- _Data_:

[Start of Attachment]

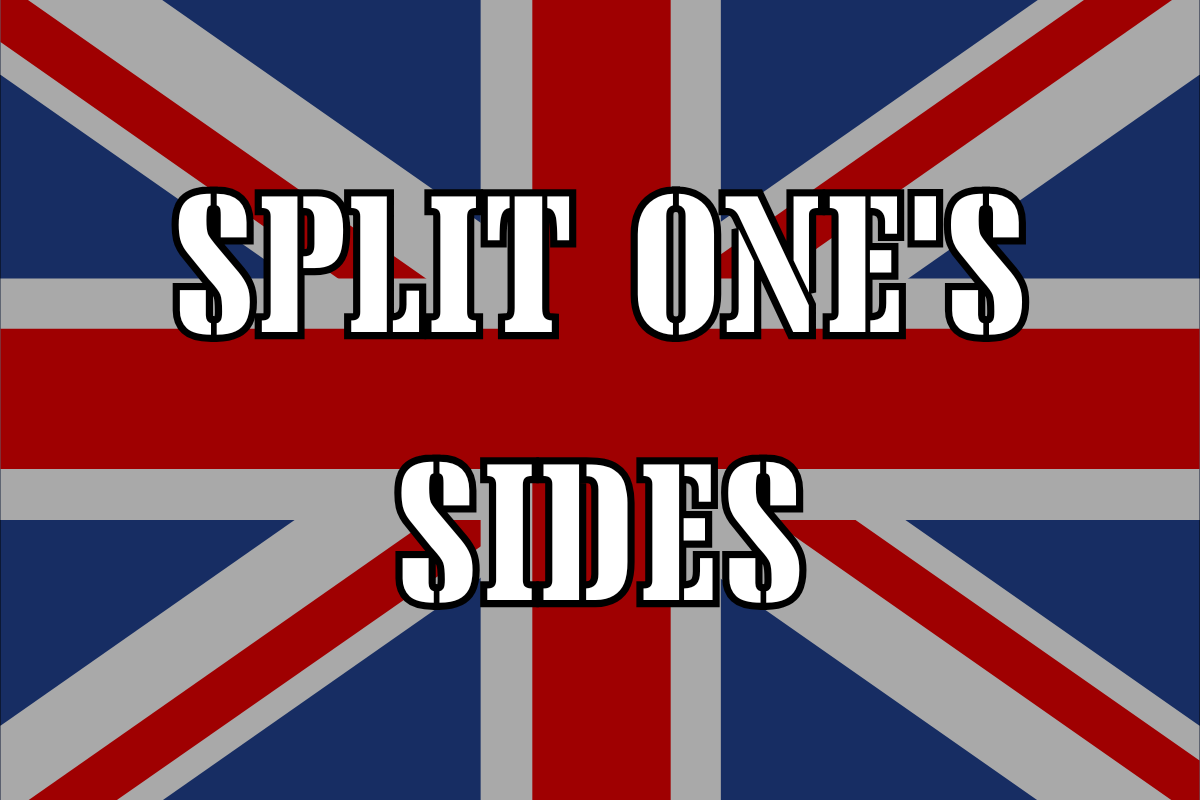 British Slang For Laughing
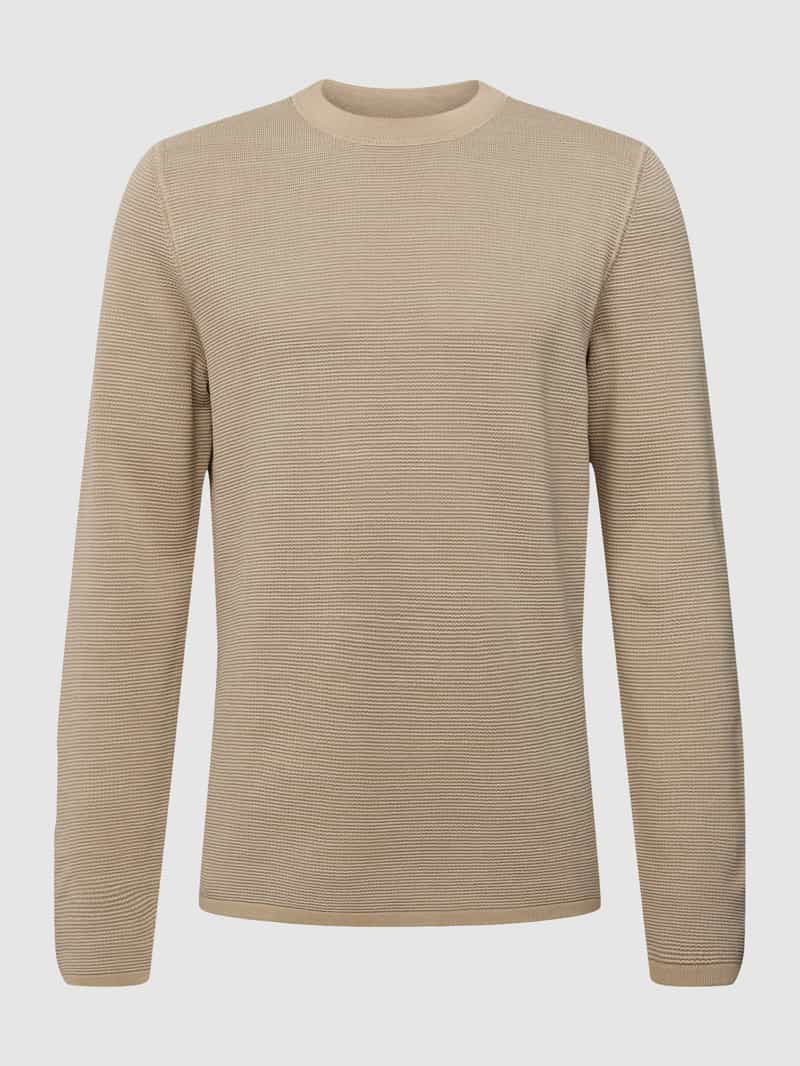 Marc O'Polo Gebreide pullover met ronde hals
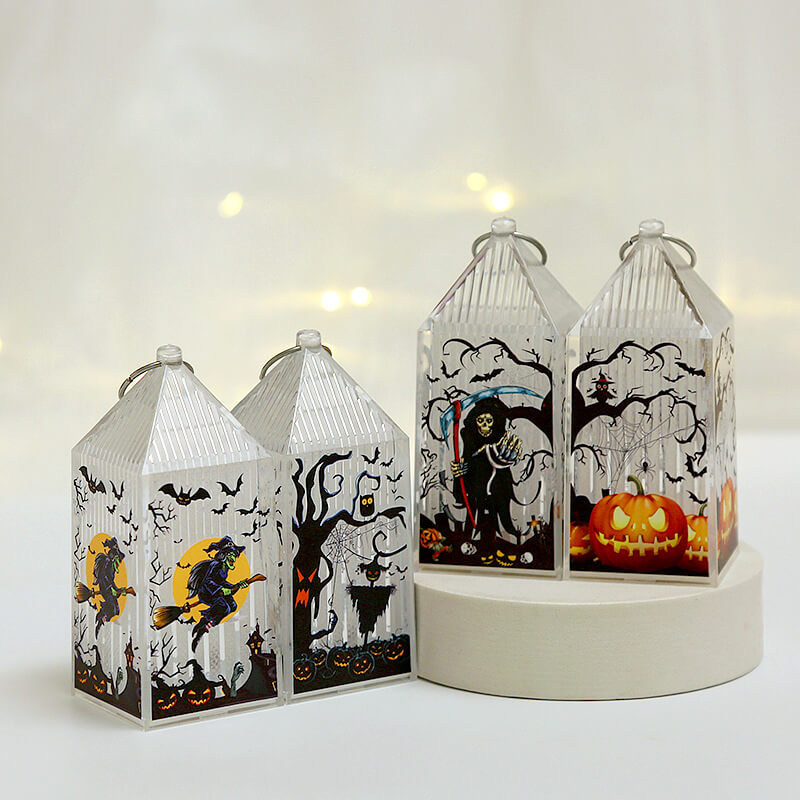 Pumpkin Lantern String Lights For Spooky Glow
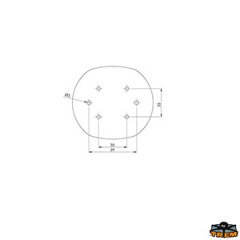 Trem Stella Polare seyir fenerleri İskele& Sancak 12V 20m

[End of Attachment]

- _Description of the task_: Could you give the material above again, exactly and without its pictures?

- _Answer for this exercise_:
 British Slang For Laughing
 Marc O'Polo Gebreide pullover met ronde hals
 Pumpkin Lantern String Lights For Spooky Glow
 Trem Stella Polare seyir fenerleri İskele& Sancak 12V 20m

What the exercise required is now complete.